I'm looking for a replacement of the packusdw MMX instruction, because it simply doesn't exist... Obviously it's easy to find an equivalent code sequency, but I'm really searching for the fastest way possible.

Ok, the problem is that I have 4 floating-point values in an SSE register, and I want to store them as 0.16 fixed-point unsigned integers in an MMX register. If the packusdw instruction existed, this would be as simple (and fast) as:

mulps xmm0, _65536
cvtps2pi mm0, xmm0
movhlps xmm0, xmm0
cvtps2pi mm1, xmm0
packusdw mm0, mm1

Floating-point numbers outside the [0, 1] range should wrap around, not be saturated, as expected for a packusdw instruction.

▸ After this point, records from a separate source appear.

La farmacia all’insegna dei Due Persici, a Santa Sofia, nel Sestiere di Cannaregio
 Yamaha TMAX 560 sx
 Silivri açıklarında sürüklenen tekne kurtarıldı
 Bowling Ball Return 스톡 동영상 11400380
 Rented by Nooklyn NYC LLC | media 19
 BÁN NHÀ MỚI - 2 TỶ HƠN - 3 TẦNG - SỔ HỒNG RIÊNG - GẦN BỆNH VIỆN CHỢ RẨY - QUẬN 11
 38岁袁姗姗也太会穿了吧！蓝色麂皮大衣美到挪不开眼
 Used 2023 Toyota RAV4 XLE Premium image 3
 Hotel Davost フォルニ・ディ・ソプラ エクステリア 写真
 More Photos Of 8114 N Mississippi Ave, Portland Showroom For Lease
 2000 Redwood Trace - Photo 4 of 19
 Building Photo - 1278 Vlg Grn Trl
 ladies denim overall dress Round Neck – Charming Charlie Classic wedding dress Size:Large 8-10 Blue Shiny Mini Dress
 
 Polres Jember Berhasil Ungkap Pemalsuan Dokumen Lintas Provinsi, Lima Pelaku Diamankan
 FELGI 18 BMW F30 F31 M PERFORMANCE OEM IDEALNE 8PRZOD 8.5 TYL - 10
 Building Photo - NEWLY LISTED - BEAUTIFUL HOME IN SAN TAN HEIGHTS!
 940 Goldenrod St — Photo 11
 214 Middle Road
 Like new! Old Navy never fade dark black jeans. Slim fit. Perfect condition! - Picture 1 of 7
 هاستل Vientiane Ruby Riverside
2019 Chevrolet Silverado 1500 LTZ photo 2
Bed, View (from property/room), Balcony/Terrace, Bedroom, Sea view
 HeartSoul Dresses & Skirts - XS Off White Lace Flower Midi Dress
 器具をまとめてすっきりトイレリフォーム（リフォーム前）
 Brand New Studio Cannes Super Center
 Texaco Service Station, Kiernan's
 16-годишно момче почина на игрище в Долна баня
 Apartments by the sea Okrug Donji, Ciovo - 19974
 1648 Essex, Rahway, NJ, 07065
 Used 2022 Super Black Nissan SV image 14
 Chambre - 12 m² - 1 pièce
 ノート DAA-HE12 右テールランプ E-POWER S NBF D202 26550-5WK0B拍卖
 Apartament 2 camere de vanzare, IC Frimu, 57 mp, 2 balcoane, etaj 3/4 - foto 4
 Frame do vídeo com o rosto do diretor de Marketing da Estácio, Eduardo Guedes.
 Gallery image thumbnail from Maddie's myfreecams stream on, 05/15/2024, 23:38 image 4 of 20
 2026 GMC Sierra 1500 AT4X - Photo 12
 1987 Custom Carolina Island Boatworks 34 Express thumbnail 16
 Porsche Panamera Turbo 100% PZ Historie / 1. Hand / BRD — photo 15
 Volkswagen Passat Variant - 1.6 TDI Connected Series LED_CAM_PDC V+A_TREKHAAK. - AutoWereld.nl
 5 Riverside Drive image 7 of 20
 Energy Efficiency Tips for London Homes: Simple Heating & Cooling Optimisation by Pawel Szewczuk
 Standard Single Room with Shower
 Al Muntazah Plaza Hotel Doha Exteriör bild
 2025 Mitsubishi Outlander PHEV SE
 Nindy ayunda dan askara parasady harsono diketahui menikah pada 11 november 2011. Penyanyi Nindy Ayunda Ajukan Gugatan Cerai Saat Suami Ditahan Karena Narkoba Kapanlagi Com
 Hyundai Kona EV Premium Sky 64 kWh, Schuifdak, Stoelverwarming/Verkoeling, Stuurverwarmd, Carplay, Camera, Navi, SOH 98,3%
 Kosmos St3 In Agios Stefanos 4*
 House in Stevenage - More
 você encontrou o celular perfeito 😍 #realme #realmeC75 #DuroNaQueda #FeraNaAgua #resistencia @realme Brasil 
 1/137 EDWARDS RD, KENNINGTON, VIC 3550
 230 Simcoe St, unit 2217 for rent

So it merely has to select the lowest 16-bit from the doublewords and pack them together. The best equivalent I found so far is:

pshufw mm0, mm0, 0x08
pshufw mm1, mm1, 0x08
punpckldq mm0, mm1

Unfortunately this is the greatest bottleneck in my code. The mulplication by 65536 is actually done early on, so the lack of packusdw makes my code 50% longer. :shock: So I really need an alternative way of doing this.

If you got any ideas, anything at all, please let me know! Thanks.
Posted on 2004-10-20 08:17:05 by C0D1F1ED
Anyone? This is for texture mapping.

The complete calculation is that I have four u-coordinates in one SSE register, and four v-coordinates in another. They have to be converted to integer and combined together to get the offset in the texture map. Then sixteen texels are read, multiplied by the integer fractions for bilinear filtering, and combined to form four samples. My 'best' result so far 90 clock cycles -per sample- on a highly efficient Pentium M. :cry: What bothers me is that there's only 180 instructions (for four), so the processor executes one instruction every two clock cycles. I hoped it was the other way around...

I'm aiming for 75 clock cycles, so if anyone has any idea to optimize these steps, please let me know!
Posted on 2004-10-21 04:25:08 by C0D1F1ED